La decisione del Comitato di rivedere il proprio Commento Generale n. 1 (1997) e di emettere nuove linee guida sulla portata dell’articolo 3 della ‘Convenzione contro la Tortura e altre Pene o Trattamenti Crudeli, Inumani o Degradanti’, è stata determinata dalla considerazione che la maggior parte delle comunicazioni, ricevute ai sensi dell’articolo 22 della Convenzione, si riferiscono a presunte violazioni, da parte degli Stati Membri, dell’articolo 3 della stessa. Di conseguenza, nel suo nuovo Commento Generale No. 4 (2017), il Comitato intende fornire una guida aggiornata relativamente all’implementazione del suddetto articolo 3, nonché alla procedura finalizzata all’accertamento della legittimità e del merito delle comunicazioni ricevute nel contesto dell’articolo 22.
Ai sensi dell’ articolo 3, paragrafo 1 della Convenzione, “nessuno Stato membro espelle, respinge, né estrada una persona verso un altro Stato, qualora vi siano fondati e gravi motivi di ritenere che in tale Stato la persona rischi di essere sottoposta a tortura”. Il secondo paragrafo del medesimo articolo stabilisce poi che, nel determinare l’esistenza di tali motivi, le autorità competenti tengono conto di ogni fattore di rilevanza, compresa, se del caso, “l’esistenza, nello Stato interessato, di un insieme di violazioni sistematiche, gravi, flagranti o massicce, dei diritti dell’uomo”. Tali violazioni includono, ma non sono limitate a, l’uso diffuso della tortura o di altre pene o trattamenti crudeli, inumani o degradanti; l’impunità dei suoi autori; l’esistenza di situazioni di conflitto armato internazionale e non-internazionale; la commissione di molestie e violenze contro gruppi minoritari; l’esistenza di fondate accuse di genocidio, crimini contro l’umanità e crimini di guerra; la presenza diffusa di violenza fondata su questioni di genere; il diniego delle garanzie del giusto processo; il diniego del diritto alla vita, inclusa la pratica della pena di morte e l’esposizione ad uccisioni stragiudiziali o sparizioni forzate.
Ai sensi dell’articolo 22 della Convenzione, il Comitato riceve e valuta le comunicazioni presentate da ogni individuo, o chi per esso, che affermi di esser stato vittima di una violazione della Convenzione.

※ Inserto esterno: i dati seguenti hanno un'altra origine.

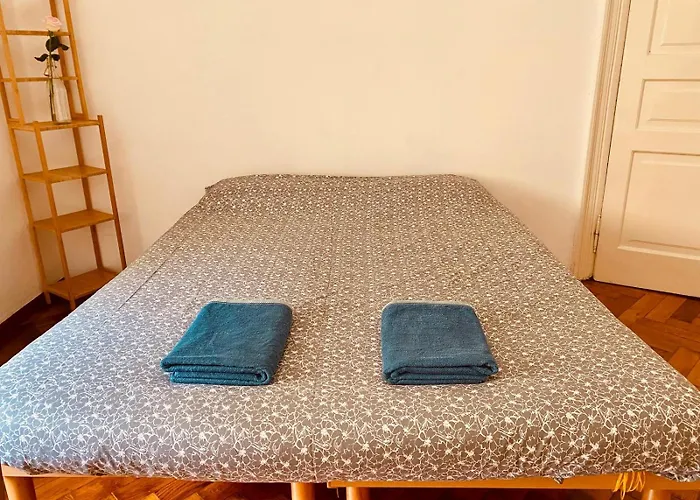 Eastnortheast Wind Апартаменти Трієст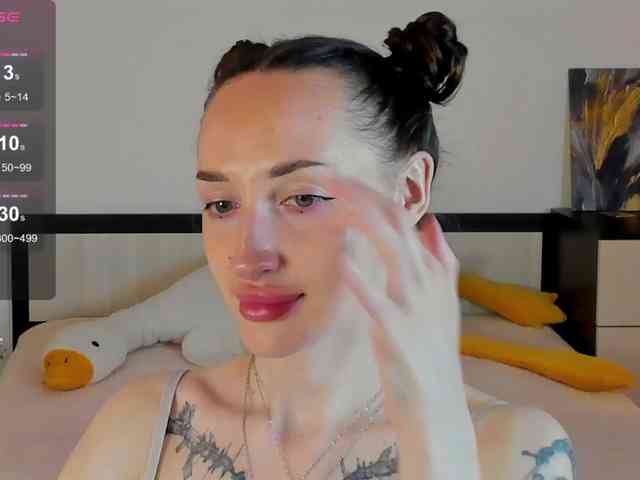 KellyJacksoon webcam
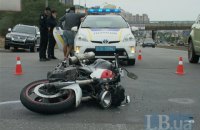 В Киеве на Южном мосту женщина за рулем Toyota сбила мотоциклиста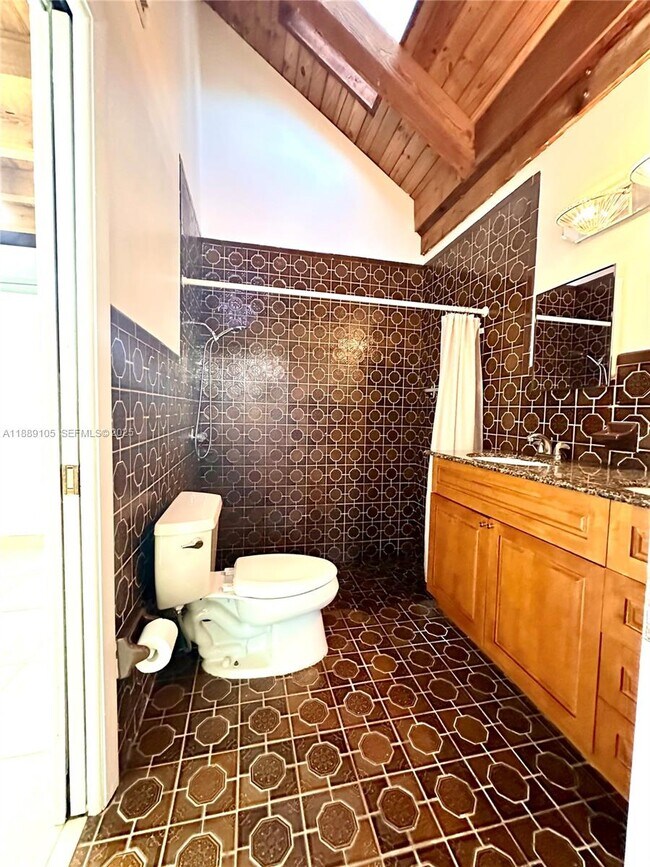 Building Photo - 497 N University Dr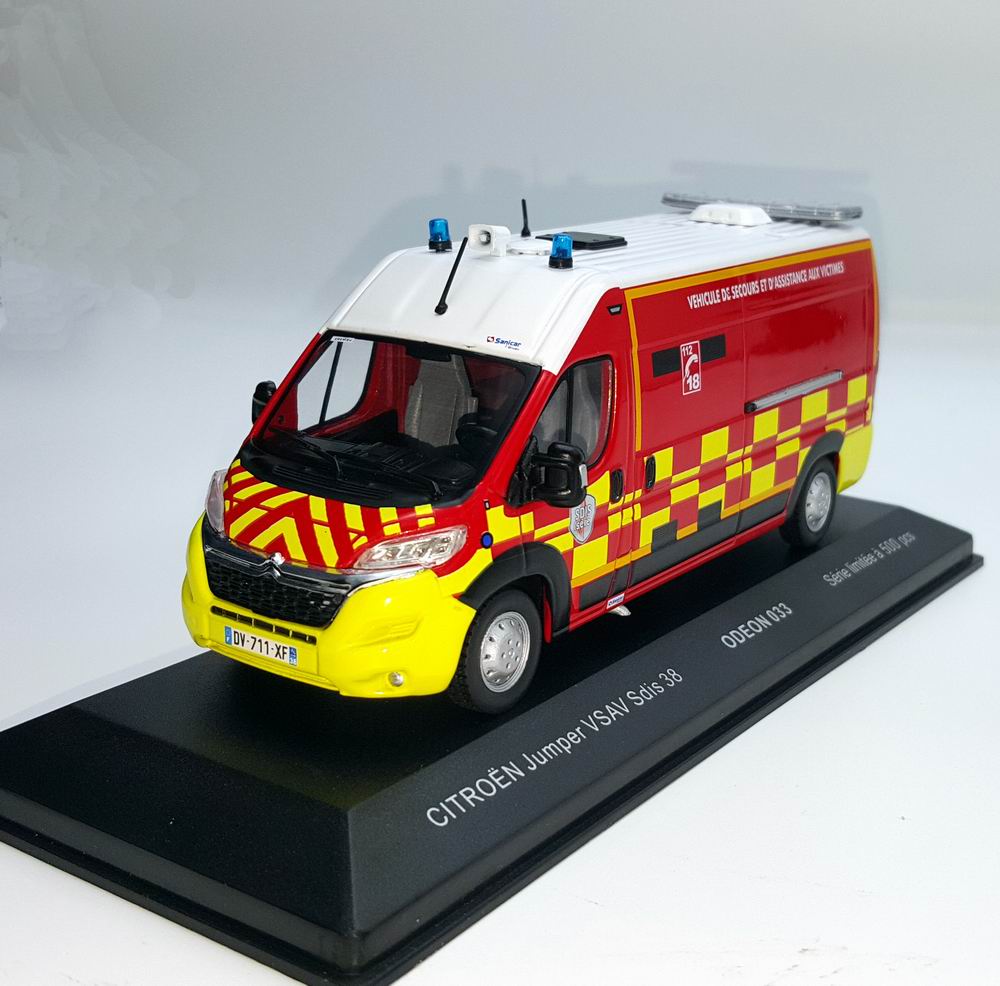 Miniature CITROEN Jumper Pompiers VSAV SDIS 38  Sapeurs Pompiers GRIMP SDIS 62 1/43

In tali circostanze però, così come precisato dal paragrafo 5 (b) del medesimo articolo, il denunciante “deve aver esaurito tutti i ricorsi interni disponibili”. Nel contesto di una presunta violazione dell’articolo 3, tale principio fa riferimento a tutti quei rimedi che, in concreto, impedirebbero la deportazione della persona interessata in un Paese dove quest’ultima rischierebbe di essere sottoposta a tortura.
Per quanto riguarda l’onere della prova, il Comitato ritiene che, salvo deroghe, il compito di fornire argomentazioni convincenti in merito alla propria causa, spetti al denunciante. Tuttavia, una volta che la comunicazione è stata depositata, rientra nelle responsabilità dello Stato interessato quella di valutare, attraverso procedure amministrative e/o giudiziarie, se sussistono o meno dei fondati motivi di ritenere che la persona sia soggetta ad un “prevedibile, attuale, personale e reale rischio di essere sottoposto a tortura, qualora deportato”. Fattori indicativi di un possibile rischio individuale includono l’origine etnica del denunciante; la sua affiliazione politica o religiosa; l’identità di genere; la sua precedente sottoposizione a tortura o detenzione in incommunicado.
La decisione del Comitato è principalmente fondata sulle informazioni fornite dallo Stato interessato e dal denunciante, o chi per esso/a. Il Comitato potrà inoltre consultare ogni altra fonte di informazione considerata pertinente, rilevante ed affidabile. Ciò nonostante, come altresì precisato nelle nuove linee guida, il Comitato non è vincolato da alcun previo accertamento dei fatti in questione e la sua decisione è indipendente.